I've seen some very skilled designers. Generally though, they are the ones with a technical background.
Then again, I'd argue that any producer, artist, qa with some coding experience tends to e better to interact with.
I anticipate that people may disagree, but I tend to believe the best approach is to call everyone a 'developer' and let them do what they do best. It's something that works for Valve and for many successful indie teams, and I fully support that.
My personal day job description is 'producer'. I spend about 80% of the time doing 'producer things'. I like it, but its not ideal.
On my hobbyist project, I'm a developer. I do producer, programming, UI and design work (including some of the pixel art such as projectiles, etc.).
I find that its the best way to go along with everybody on the team.
But to your point, I've seen very junior designers and they can be a pain. The issue here is that aspiring 'game developers' are charmed by this position, which results in a lot of rookies flooding the market. I'm not sure where all of the senior designers are, but for some reason, HR needs to hire juniors... like... straight-out-of-school-prepubescent-juniors. That's probably to cut on the expenses.
The same argument could however be made for artists (a lot of the communication complaints I get from my programmers is about them). And I imagine that this goes both ways (programmers).

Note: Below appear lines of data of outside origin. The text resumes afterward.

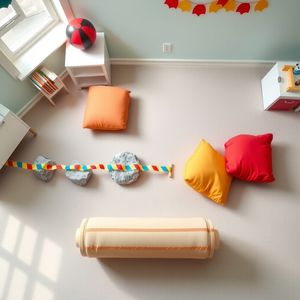 Tor piracki — układ na podłodze (plank, skały, kadłub)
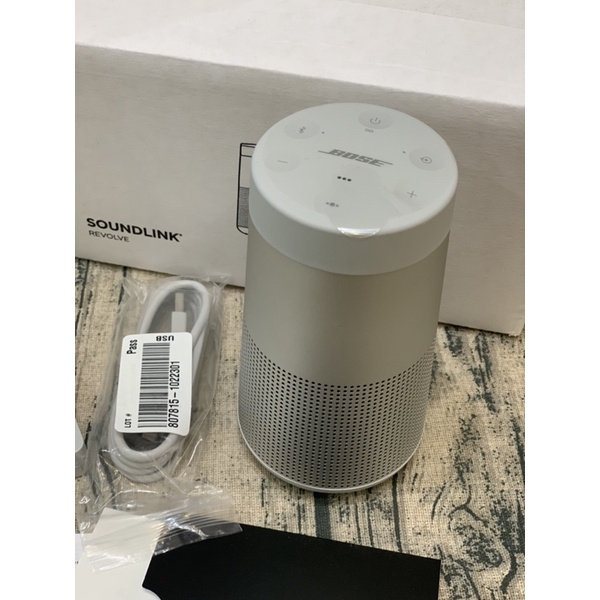 - Loa Bluetooth Bose revolve chính hãng Bose USA, made in Mexico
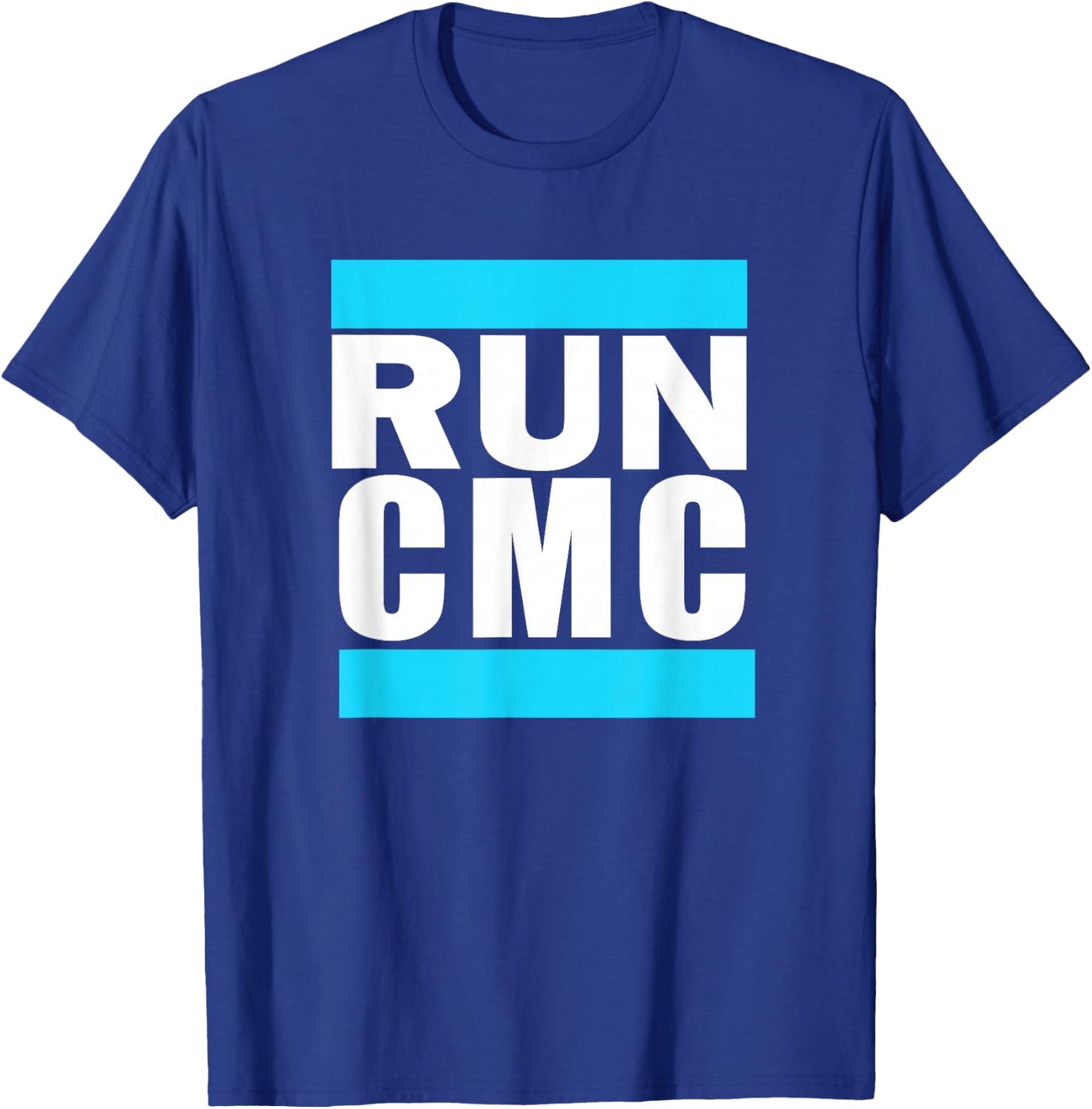 RUN CMC Shirt T-Shirt - T-Shirt | Royal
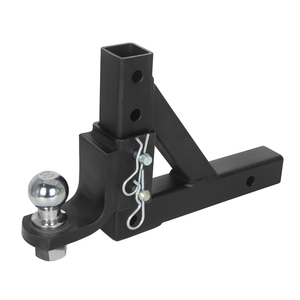 Có thể điều chỉnh chiều cao Trailer cánh tay có chia Trailer Hitch với 50mm 3500kg Hitch bóng sử dụng điều kiện cho kéo và towr móc phần - Product Image 2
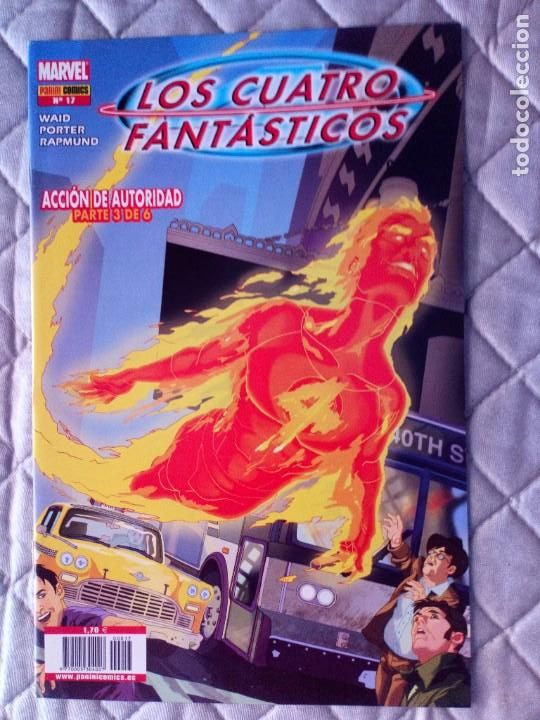 C&oacute;mics: Los 4 Fant&aacute;sticos N&ordm; 17 PANINI - Foto 1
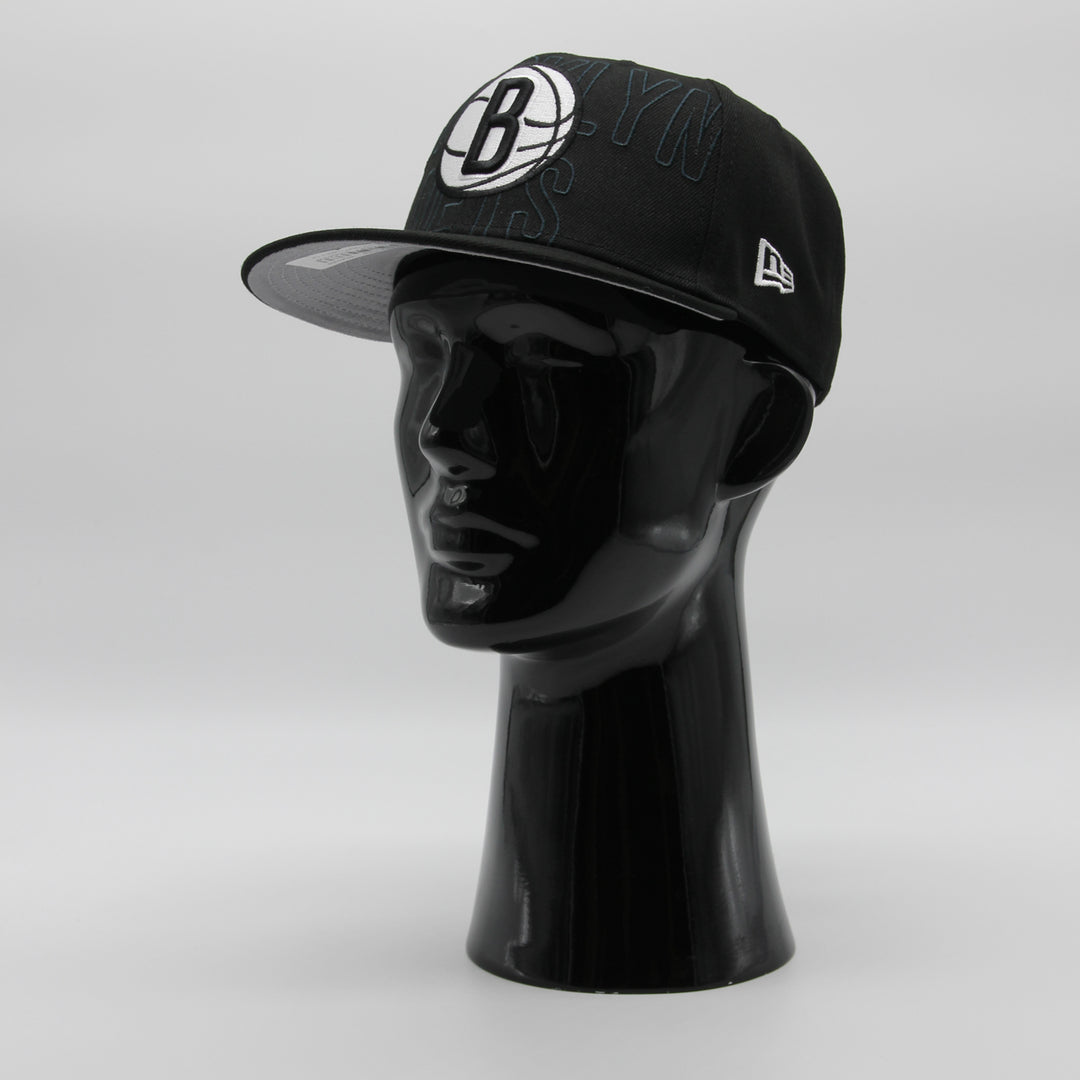 New Era NBA Draft 2023 59Fifty B Nets black - Shop-Tetuan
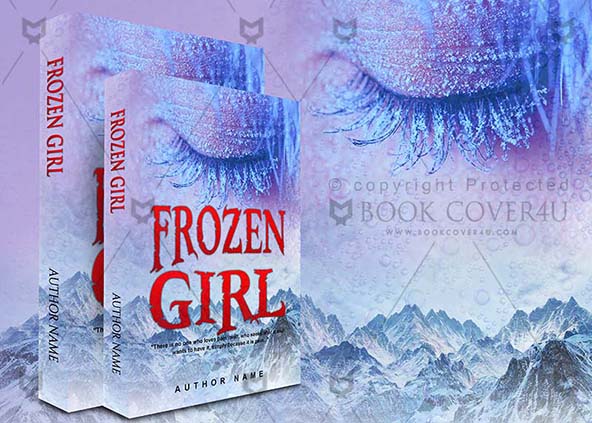 Thrillers-book-cover-design-Frozen Girl-back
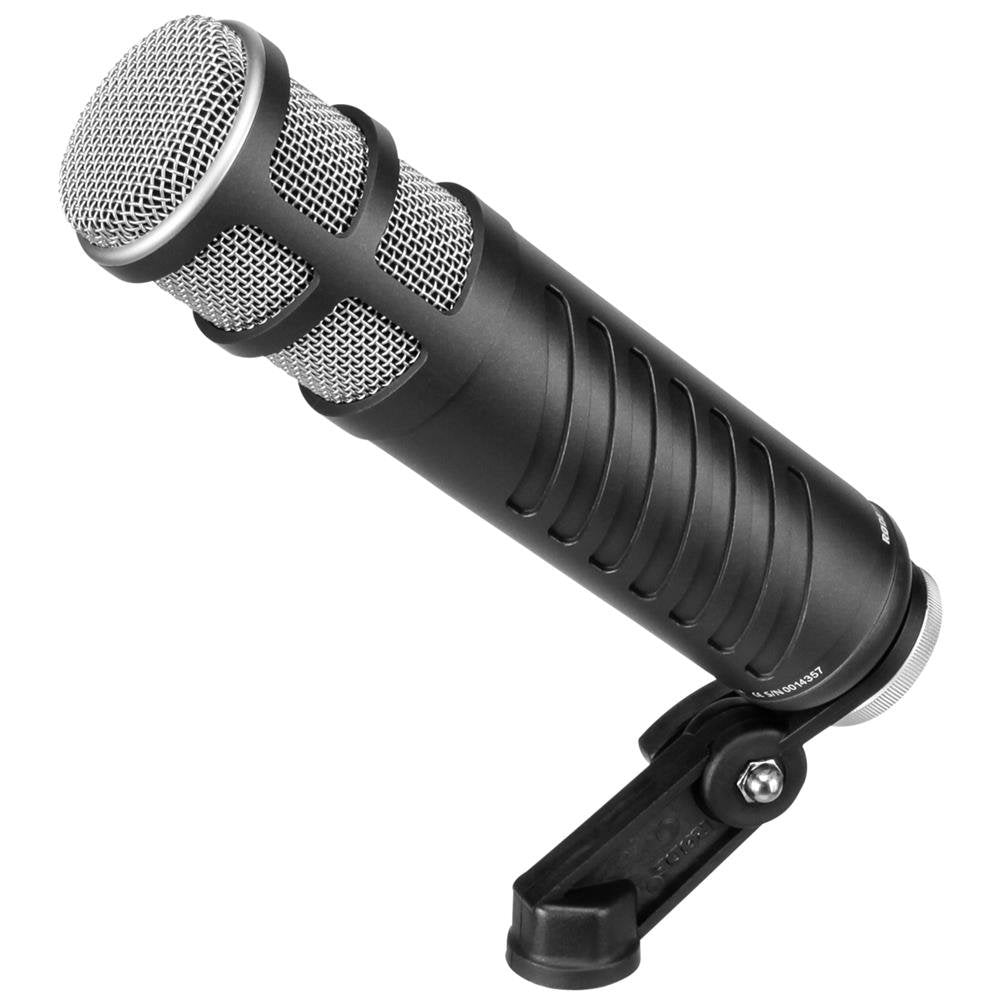 RØDE Procaster Dynamisches Sprechermikrofon für Podcasting, Streaming, Gaming und Sprachaufnahmen Pr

What you need is a common language in which you guys can discuss, and a form of 'safe word' where authority is bestowed upon the owner of the field...
So for example, you're discussing about potential ways to improve mechanic X, and the designer comes up with idea A, which is way too complicated. You have idea B, which isn't quite idea A, but the effort is simply not the same. You use your safe word (let's say "ImdacoderheresoIknowbest") and propose to use idea B.